Before now, Nigerians were high in hopes that the military under this administration has overcome its myriads of problems and was well-motivated and positioned to confront the criminal gangs and terrorists multiplying across the country; but Buratai’s remarks uncovered a crisis within its formations which accentuates the imperative for concerted effort by appropriate authorities to address the underlying causes.

While we align with Buratai’s decision to flush out reluctant troops from the service and refusal of the Nigerian army to further tolerate them, the military must offer the hesitant troops the opportunity to explain their unpatriotic conduct as such clarifications could provide clues to forestall any repeat of similar occurrence.

While sustaining its campaign against terror, banditry and cross-border crimes, the army must reinvent its will, tactics and strategies to break the resilience of such criminals and flush them out, even as all citizens must offer their support and ensure that evil is exposed, avoided and eliminated from the country.

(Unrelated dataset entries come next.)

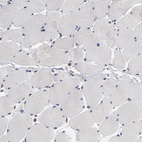 Anti-ASMTL Antibody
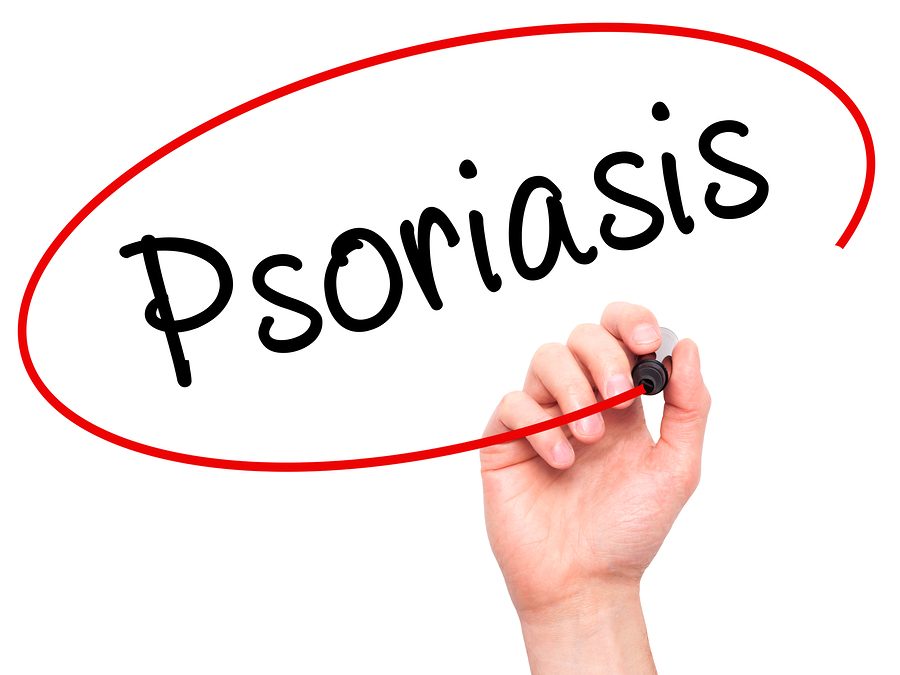 Home Care - 4 Ways to Prevent a Psoriasis Flare Up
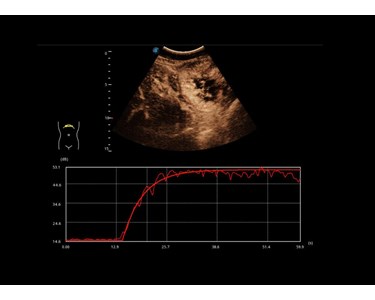 SonoScape - P60 Trolley Color Doppler Ultrasound System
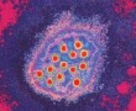 A Hepatitis megelőzése A Hepatitis megelőzése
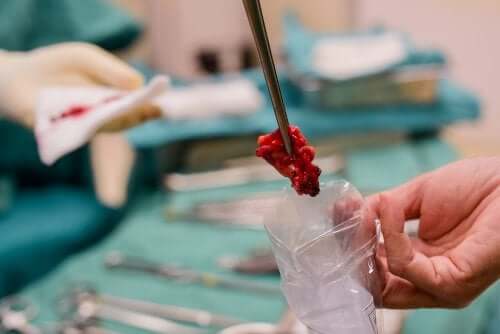 Tehokkuudestaan huolimatta kudoksesta otettu solunäyte ei aina ole paras mahdollinen menetelmä kasvaimen ominaisuuksien määrittämiseksi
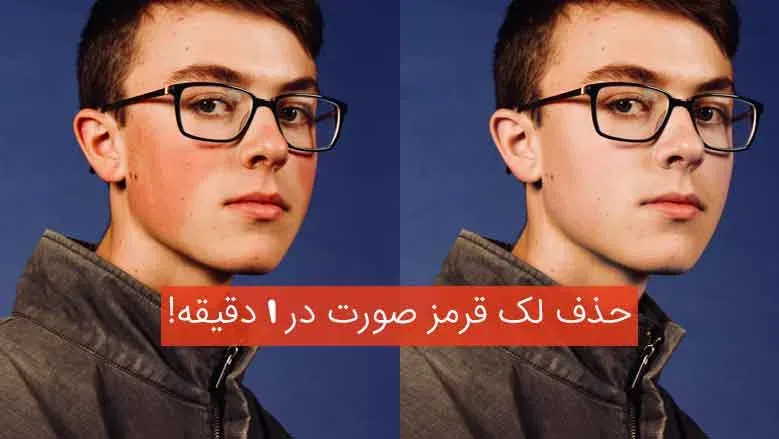 آموزش حذف لکه قرمز صورت در فتوشاپ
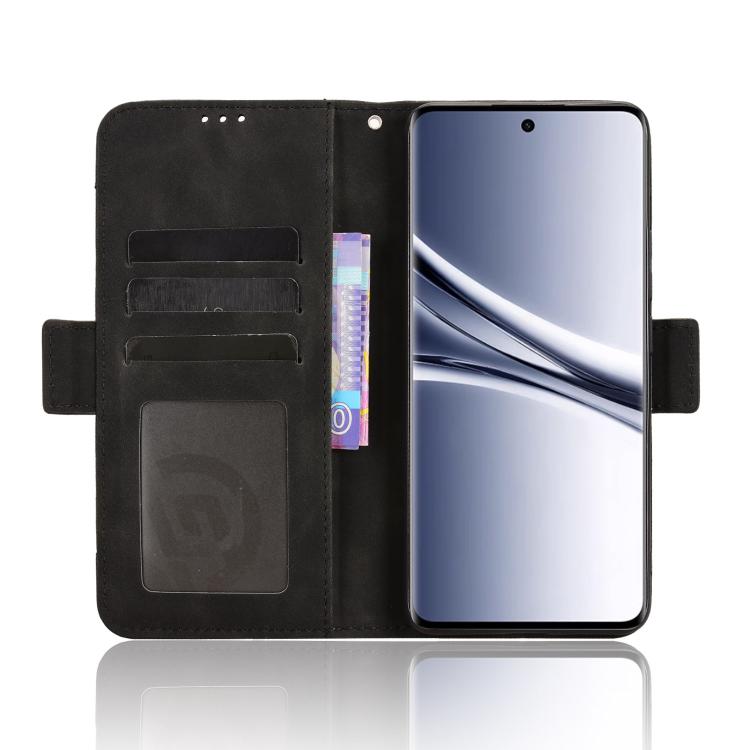 For Redmi Note 15 5G / 4G 164mm / Poco M8 5G Skin Feel Calf Texture Card Slots Leather Phone Case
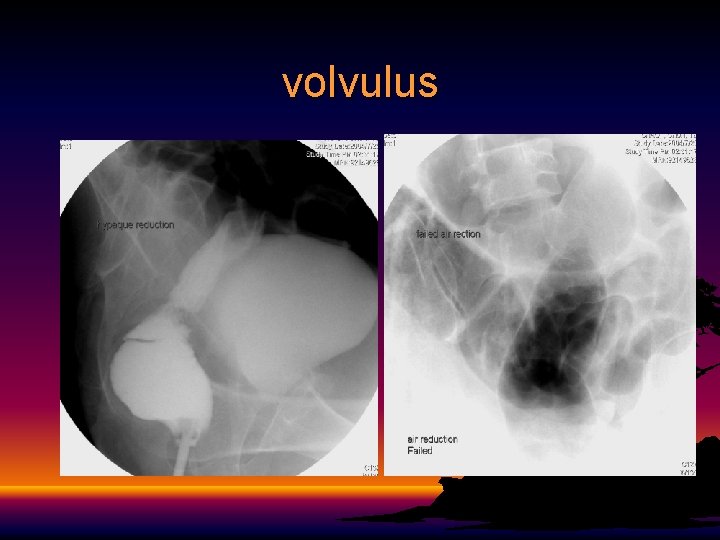 volvulus 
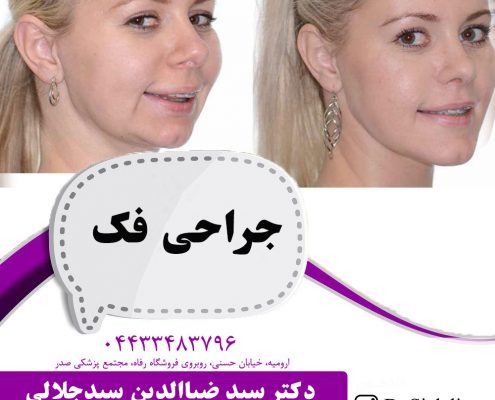 جراحی فک در ارومیه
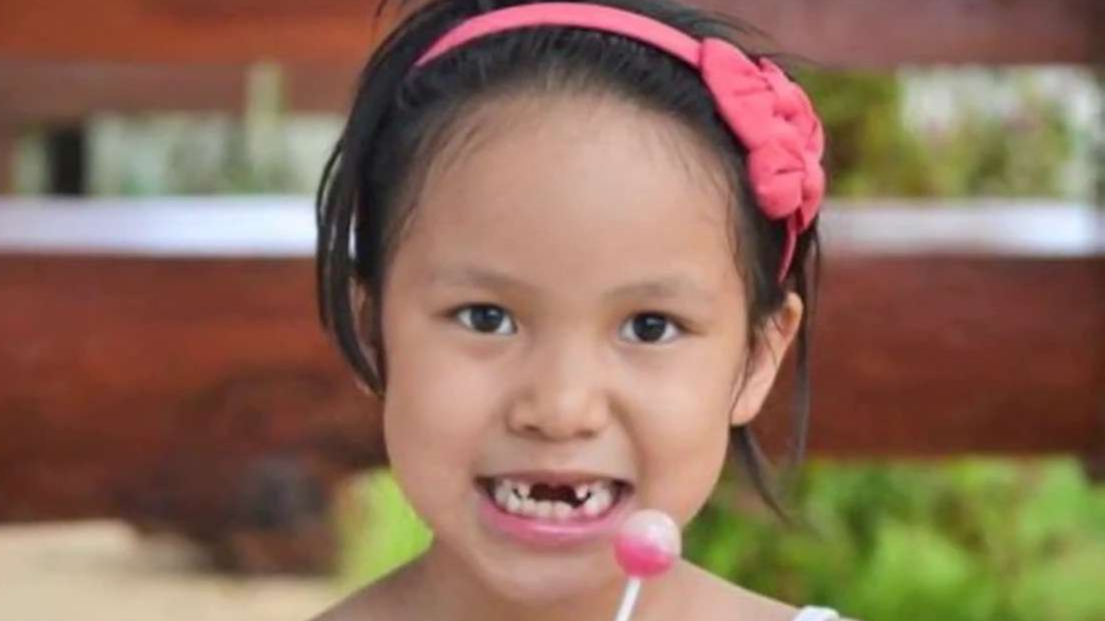 Ilustrasi makanan manis bisa memicu karies gigi pada anak-anak. (Foto: Istimewa)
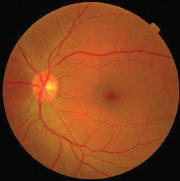 Iris Recognition vs Retinal Is there Difference?
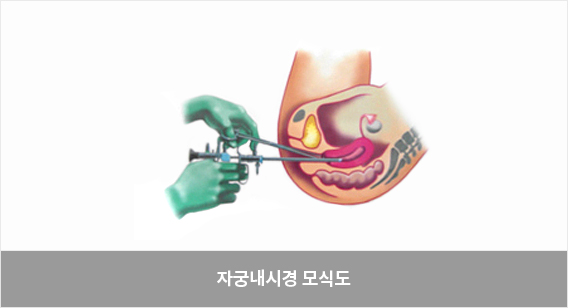 임신성당뇨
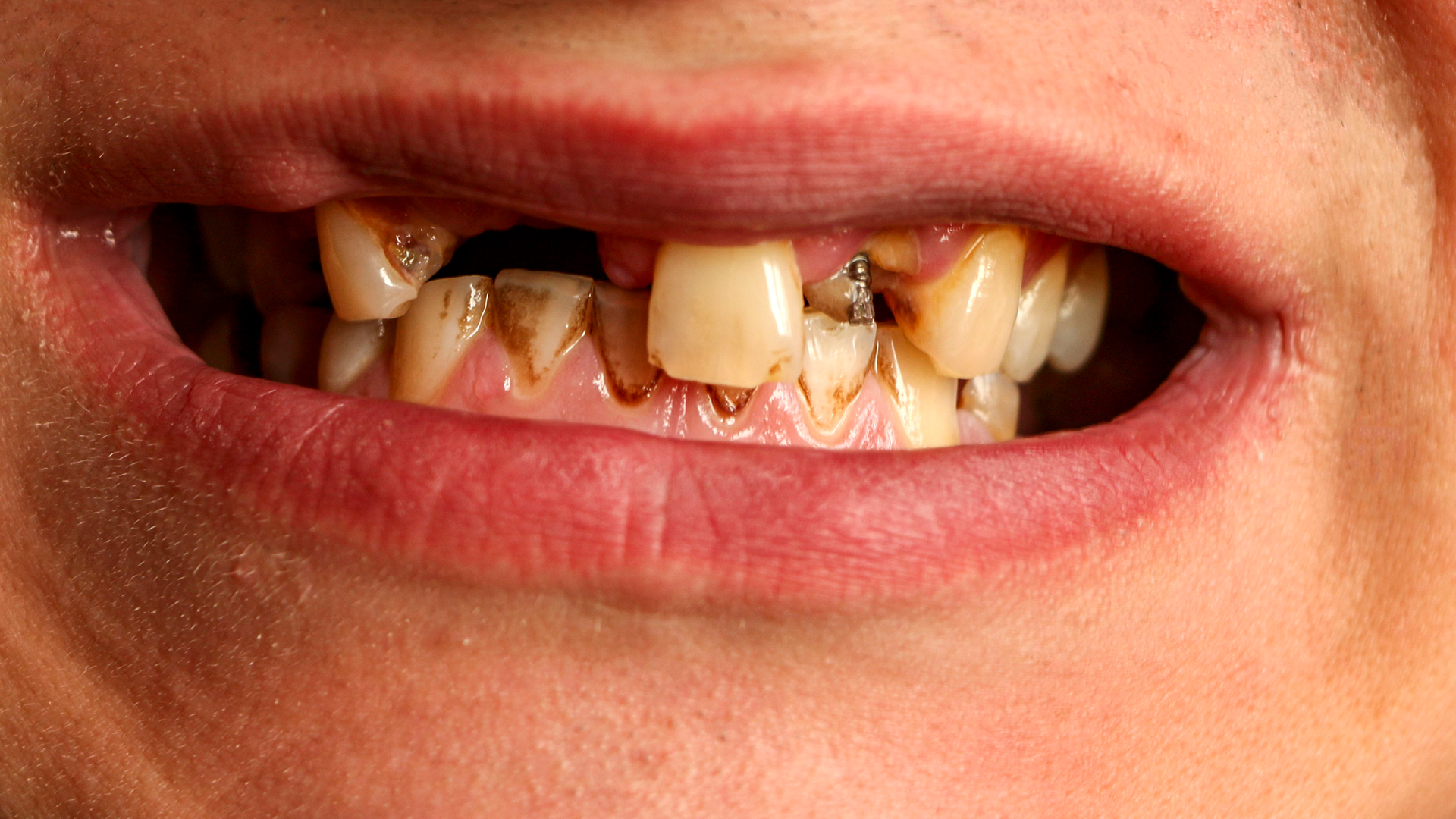 Dental Management of Common Disabilities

Both traditional and political authorities must consult widely and calm the tensions brewing across the country over marginalisation and socio political exclusion which usually form the basis for eruption of disruptive tendencies that impact on law and order.

Overtime, the proliferation of arms has been identified as one of the factors fuelling violent crimes across the country. It is therefore appropriate to pursue treaties with local communities and armed groups to broker disarmament deals, leading to arms reduction and the return of peace to restive areas.